-Ads Here-
Pemerintah tidak akan memberikan insentif kepada motor listrik. Harga motor listrik belum pernah turun sejak mendapatkan insentif Rp 7 juta dua tahun lalu. Motor listrik menerima subsidi sebesar Rp 7 juta per unit selama dua tahun sebelumnya. Ini mengurangi biaya motor listrik. Namun, Menteri Perindustrian Agus Gumiwang Kartasasmita, menegaskan bahwa tahun ini tidak akan ada lagi insentif untuk motor listrik. Selain itu, memastikan bahwa pelanggan tidak akan menunda pembelian. Tahun ini tidak ada insentif untuk motor listrik. Agus menegaskan bahwa tahun ini tidak ada insentif yang diberikan, Sejak awal, Kementerian Perindustrian tidak mengusulkan insentif untuk motor listrik kepada Kementerian Keuangan, kata Agus.
Selain itu, dia menyatakan bahwa tahun ini, insentif untuk motor listrik tidak diprioritaskan. Contohnya, pemerintah harus melihat situasi keuangan negara secara realistis. Agar manfaatnya benar-benar terasa luas bagi perekonomian, setiap kebijakan fiskal harus dipertimbangkan dengan teliti.

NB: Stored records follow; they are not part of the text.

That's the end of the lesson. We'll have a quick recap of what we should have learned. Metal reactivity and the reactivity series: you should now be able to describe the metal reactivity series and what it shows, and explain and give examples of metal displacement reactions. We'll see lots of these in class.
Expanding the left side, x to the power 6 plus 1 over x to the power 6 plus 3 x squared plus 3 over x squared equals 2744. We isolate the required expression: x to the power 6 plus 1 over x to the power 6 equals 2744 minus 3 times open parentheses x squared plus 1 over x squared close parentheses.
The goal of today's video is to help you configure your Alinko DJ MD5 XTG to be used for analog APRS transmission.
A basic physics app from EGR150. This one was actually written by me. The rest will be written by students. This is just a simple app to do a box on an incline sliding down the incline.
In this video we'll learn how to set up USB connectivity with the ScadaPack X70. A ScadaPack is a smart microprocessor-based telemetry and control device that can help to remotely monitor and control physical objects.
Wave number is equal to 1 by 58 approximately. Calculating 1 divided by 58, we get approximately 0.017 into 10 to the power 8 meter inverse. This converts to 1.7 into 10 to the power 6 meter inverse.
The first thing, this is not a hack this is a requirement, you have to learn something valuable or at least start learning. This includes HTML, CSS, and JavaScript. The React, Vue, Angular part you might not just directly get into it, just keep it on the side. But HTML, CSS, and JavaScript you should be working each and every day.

Menurutnya, berbagai pertimbangan yang disebutkan di atas serupa dengan pertimbangan di mana kita mengetahui postur fiskal kita, biaya dan keuntungan mana yang paling tinggi, yang lebih menguntungkan perekonomian secara keseluruhan.

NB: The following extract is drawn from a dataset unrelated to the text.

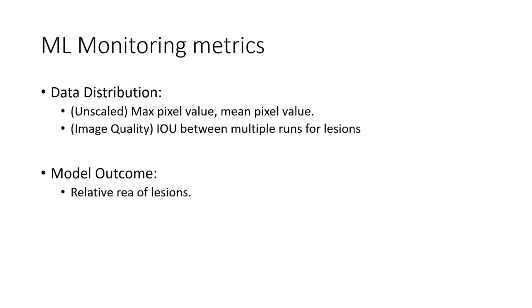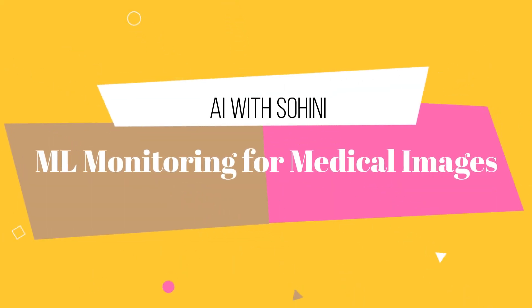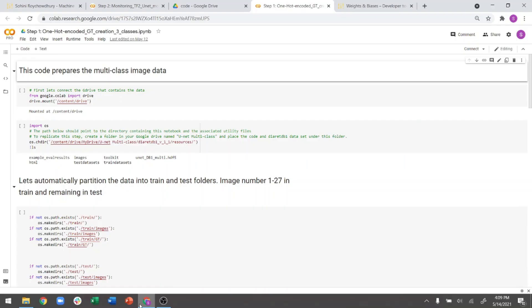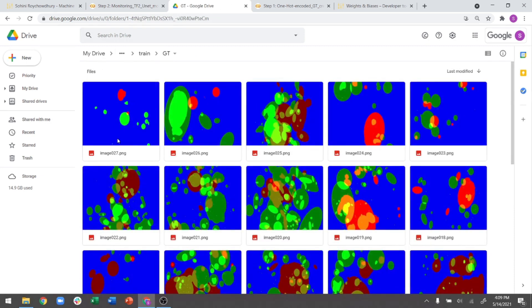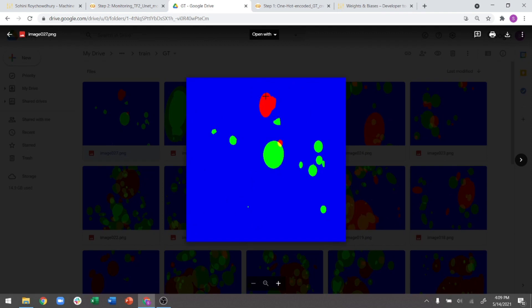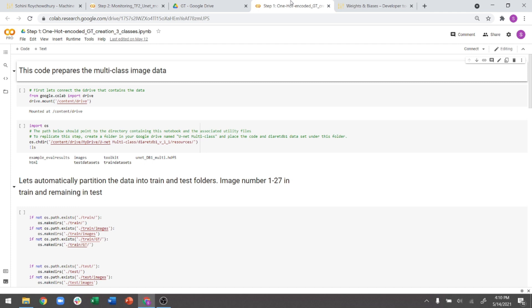Now let's get straight into the code that I will be releasing on GitHub along with this video. In this exercise, I am reusing a code base I've already explained, which is linked in this video — the one where I use U-Net to do multi-class semantic segmentation. The first step is generation of ground truth labels corresponding to each image. The ground truth looks like this: blue means background, red means red lesions, and green means bright lesions for diabetic retinopathy. I'm not going to run this Colab again; please watch the linked video in the description box.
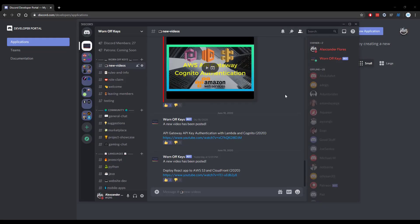Thanks for watching this discord.js tutorial. If you want to learn more about discord.js, consider clicking on the playlist you see on your screen now. If you need help, feel free to leave a comment or ask in the wornoffkeys discord, which can be found in the video description.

Ketidakjelasan yang menghalangi pelanggan untuk membeli lebih penting daripada kepastian bahwa tidak akan ada insentif motor listrik. Pemerintah ingin konsumen dan bisnis tidak terus menunggu kebijakan. Agus berkata, "Saya sampaikan sekarang agar ada kepastian dan orang tidak menunggu insentif, sehingga industri juga bergerak."
Produsen motor listrik tidak akan bergantung pada bantuan pemerintah sebelum ada kepastian ini. Sejauh ini, Asosiasi Industri Sepeda Motor Listrik Indonesia (AISMOLI) tidak mengantisipasi kebijakan pemerintah yang akan memberikan subsidi untuk sepeda motor listrik. Namun, industri motor listrik terus menginginkan dukungan kebijakan non-finansial. Ketua Asosiasi Sepeda Motor Listrik Indonesia, Budi Setiyadi, menyatakan bahwa mereka telah mencapai kesepakatan untuk tidak mengharapkan pemerintah yang sama lagi, tidak peduli apakah ada subsidi atau tidak. Pabrikan kendaraan listrik dipaksa untuk mengubah rencana dan mencari cara baru untuk tetap bersaing di pasar otomotif nasional tanpa bantuan dari pemerintah. Menurut Budi, untuk tetap eksis di masyarakat, kita harus mandiri dan mencari hal-hal baru.